4 lb pork roast at room temperature
2 lbs sauerkraut (do not rinse)
1 Tbl caraway seeds
1 cup chopped yellow onion
½ cup light brown sugar
1 tsp kosher salt
1 tsp black pepper
½ tsp smoked paprika
2 Tbl olive oil
Preheat oven to 325 degrees F, rack in the middle.
Pat the pork dry and sprinkle the entire roast with salt, pepper and smoked paprika.
Heat a large non-stick pan over medium-high heat and add in the olive oil.
When the olive oil starts to simmer, carefully place the pork roast in.
Sear on all sides until golden brown – approx. 5-8 minutes per side.
In a lidded 6 quart Dutch Oven place the sauerkraut all over the bottom.
Sprinkle over the caraway seeds, onions and brown sugar.
Place the seared pork roast on top nestling it in the sauerkraut.

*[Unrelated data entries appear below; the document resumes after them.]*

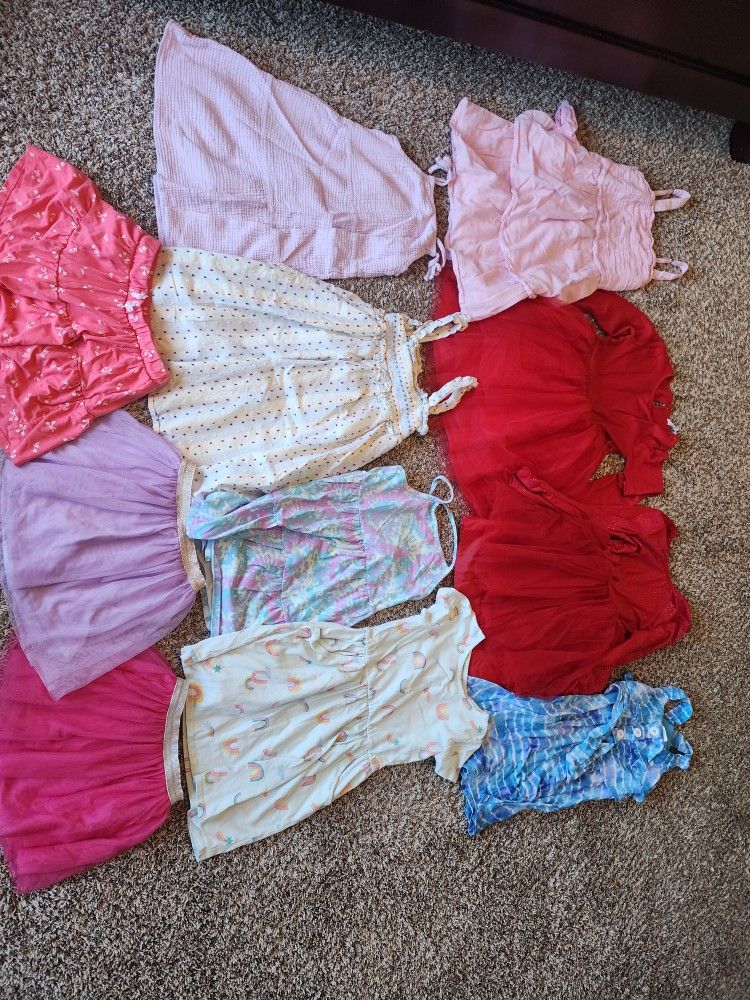 Girl's Clothes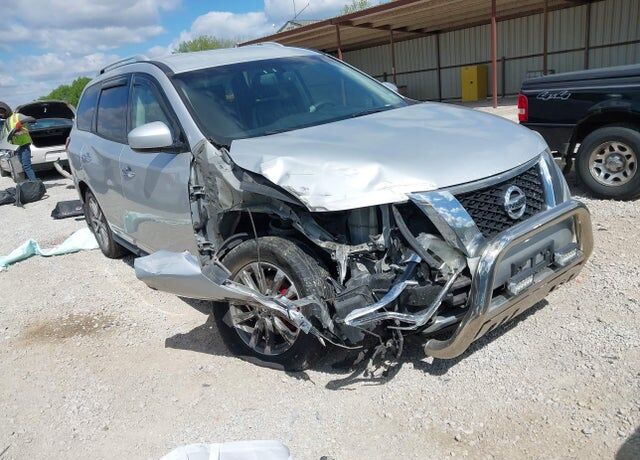 2013 NISSAN Pathfinder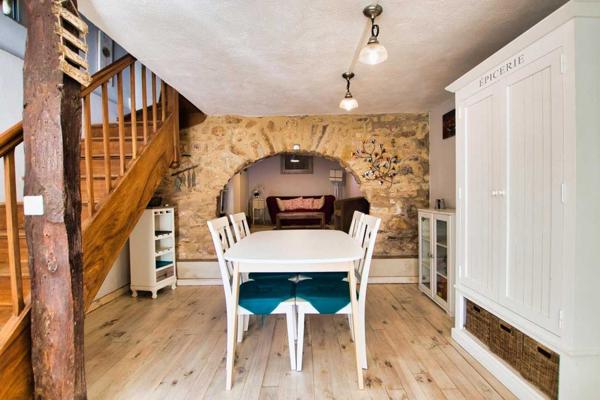 Maison ancienne - Sarlat-la-caneda SARLAT- Maison en pierre idéalement située avec terrain et jaccuzi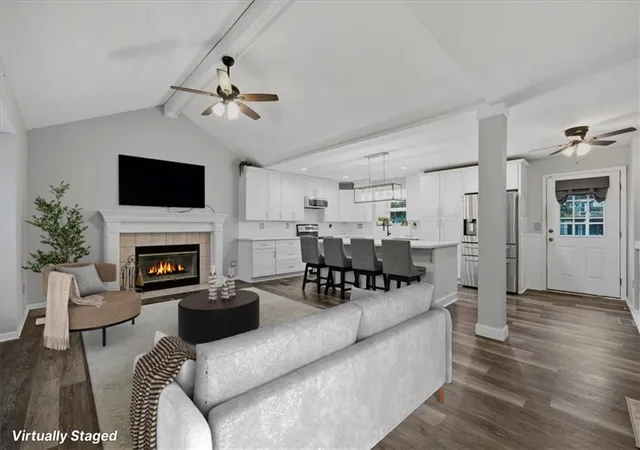 Photo 1 of Single family home for sale at 1708 Brent Ln, Greenwood, MO 64034 | MLS# 2644430 | Listing updated on 2026-10-19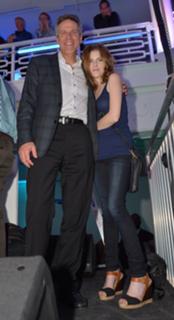 Anna Kendrick feet photo thumbnail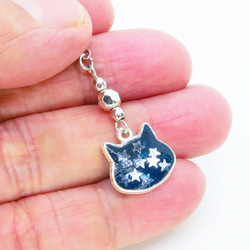 マスク・スマホチャーム ブルーキャットスター 青い猫フェイスモチーフに星を散りばめたチャーム メタルビーズ 金具変更可 3枚目の画像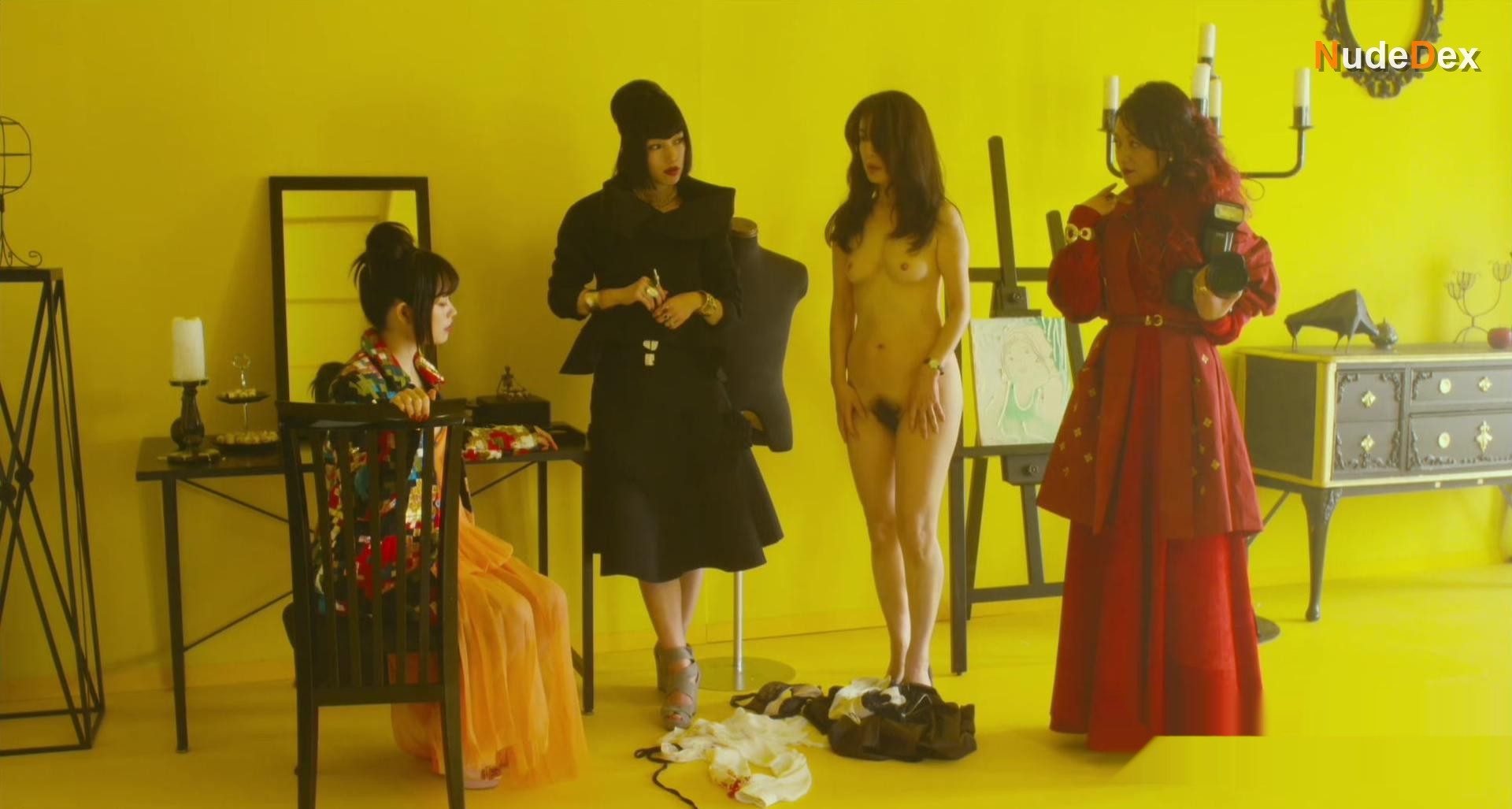 Mariko Tsutsui in L' Ete 36, photo 2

Cover tightly with a lid and bake for about 2 hours or until a meat thermometer reads 145 degrees.
Remove from the oven.
Carefully remove the roast from the pan and place on a cutting board covering loosely with foil.
Allow to cool for about 15 minutes before slicing.
NOTE: If you want to make this in the crock pot, pan sear the meat following the recipe and in the bottom of a 6 quart crock pot add in the sauerkraut, caraway seeds, onions, brown sugar and pork. Cover and cook on low for about 8-9 hours.